Work item: Copy the listing that follows exactly. Its pictures do not belong in the copy.

Given information:

########################################

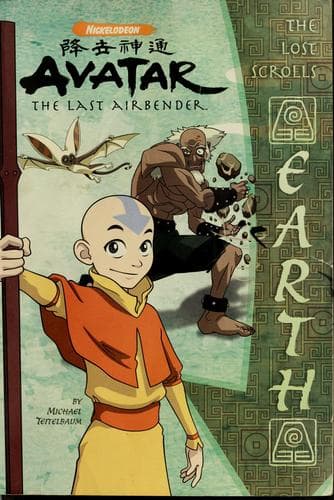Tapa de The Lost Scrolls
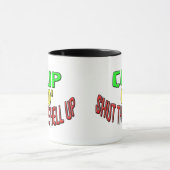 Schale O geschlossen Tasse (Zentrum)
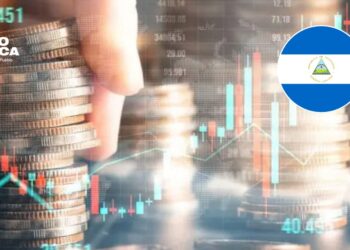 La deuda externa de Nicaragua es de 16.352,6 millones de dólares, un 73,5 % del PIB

########################################

Exercise solution:
Tapa de The Lost Scrolls
 Schale O geschlossen Tasse (Zentrum)
 La deuda externa de Nicaragua es de 16.352,6 millones de dólares, un 73,5 % del PIB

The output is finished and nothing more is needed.